I enjoy the color and the type. I have been collecting for only a short time. But I do have some Gold colored Maglites.


----------



## BuzzLight (Sep 27, 2013)

This thing is an addiction... 

I started out first with an incandescent Mag-Lite in the 90's in which my Dad gave me a mini one. And when LED's started to become increasingly popular I bought 300 Peso flashlights which is around $6 USD/each. It produced about 30 lumens at most. Then only around five years ago I got my first quality flashlight which was a Fenix PD20. After that I was so amazed how much output it can produce. Now, I'm constantly looking for the brightest LED flashlights in the market. My family are into it too and we have collected almost every Fenix product already. That is our new bonding!


----------



## ven (Oct 18, 2013)

Mine started around 1992 when i used to work on HGVs(heavy goods vehicles) as an apprentice,snap on tools required a D maglite to keep them company.At the time (some may argue still) maglite was the best.From then i have had a few cheap ones,biggest let down for me was the aaa maglite for my car keys.As good as useless,then went led.Coming in handy for work and camping my collection has grown a little over last few years.I like to have several at my bed side,in my car,in work and also in caravan.I like a back up for a back up I sort of get an obsession.......the boss will agree........from modifications on my 4x4 to tools.......i just cant stop.
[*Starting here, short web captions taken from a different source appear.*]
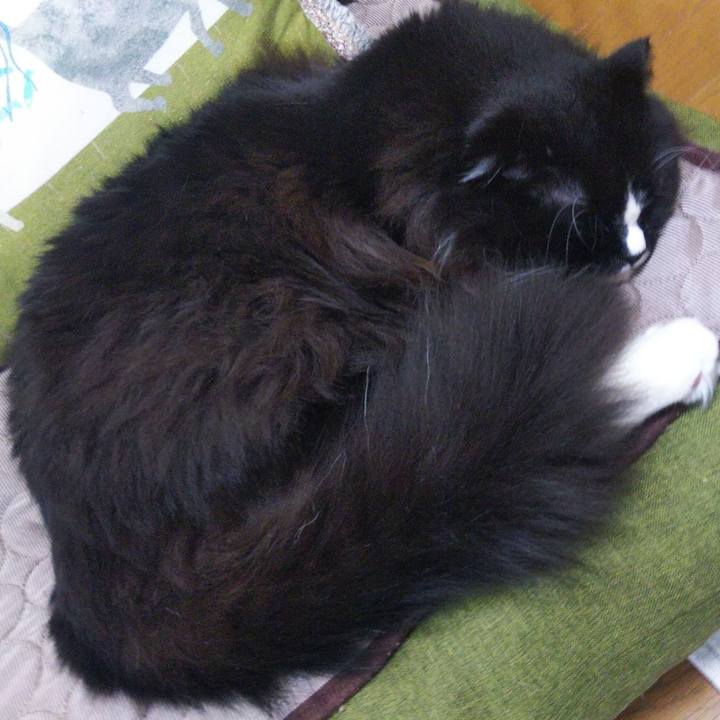 76f45170 5a28 4619 be59 5767d9eb1f7b 1656591267287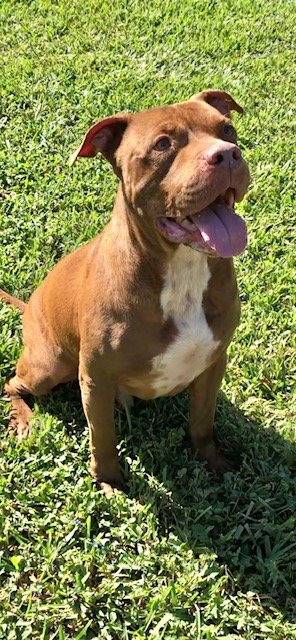 adoptable Dog in Fort Lauderdale, FL named Brady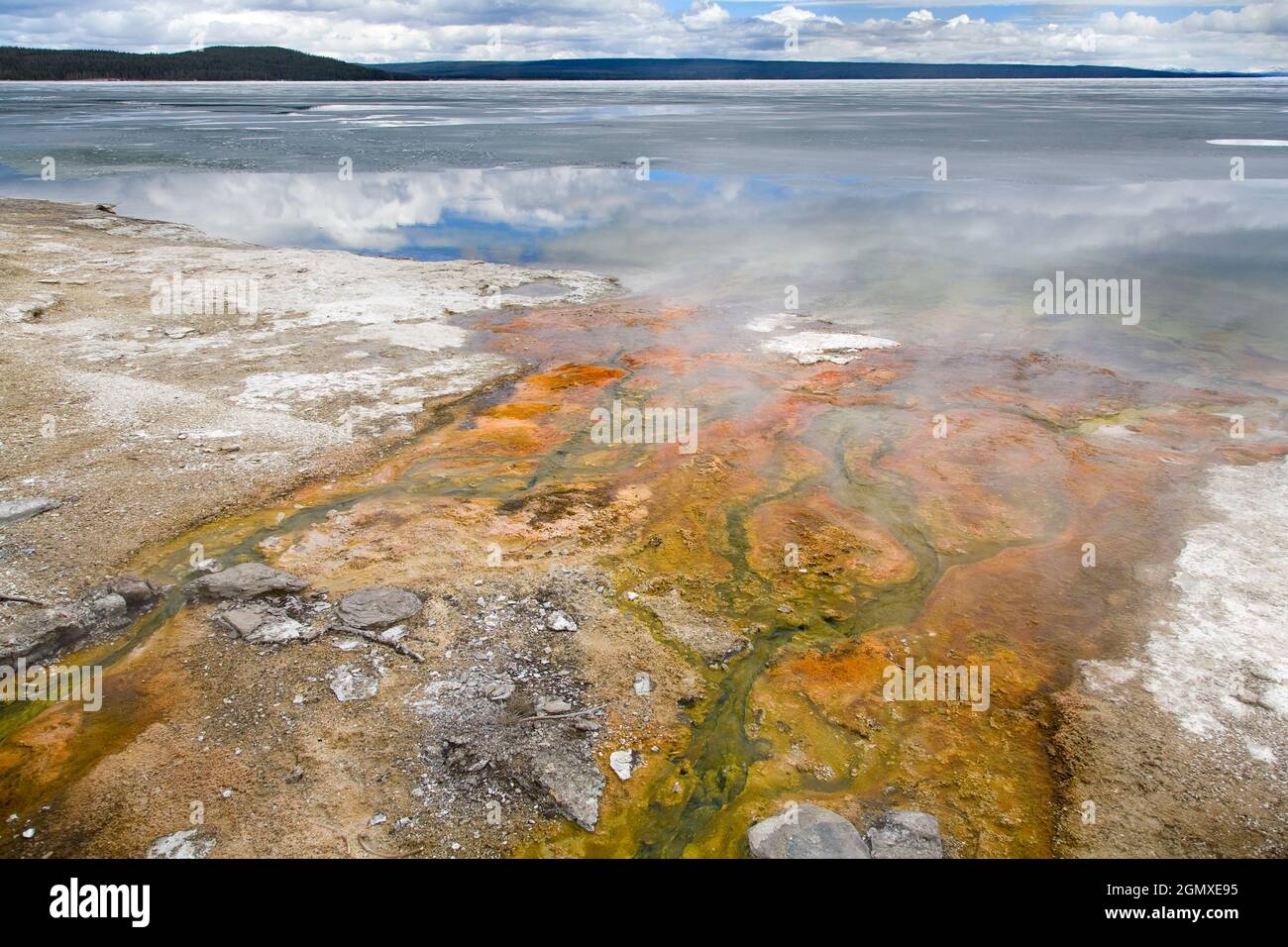 Yellowstone National Park, Wyoming - 2008. Mai; Es ist Mai, und der riesige Yellowstone Lake beginnt erst aufzutauen. Eis, Wasser und geothermischer Stea Stockfoto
I do find it handy to show her the £5 bargains off BG and DX as she does not know a nitecore from a smiling shark this combined with my delivery address at work being used helps me build my collection my 3yr old flashaholic helps too as when i order him one i have to get me one too

However trying to convince her my next purchase(maybe a tk75 or tm15) cost £5 might prove a challenge:tsk: ..............but hey we all like a challenge


----------



## Exostencil (Oct 19, 2013)

I have only just started and don't know if I could be called a collector yet. I bought a Fenix LD20 after seeing some EDC videos. When I got it I was so surprised with the build quality and run time of CREE globes I went a bit mad and snapped up a couple of cheap CREE torches from eBay and a SL Stylus Pro. 

I think I do it because I like having things useful things. 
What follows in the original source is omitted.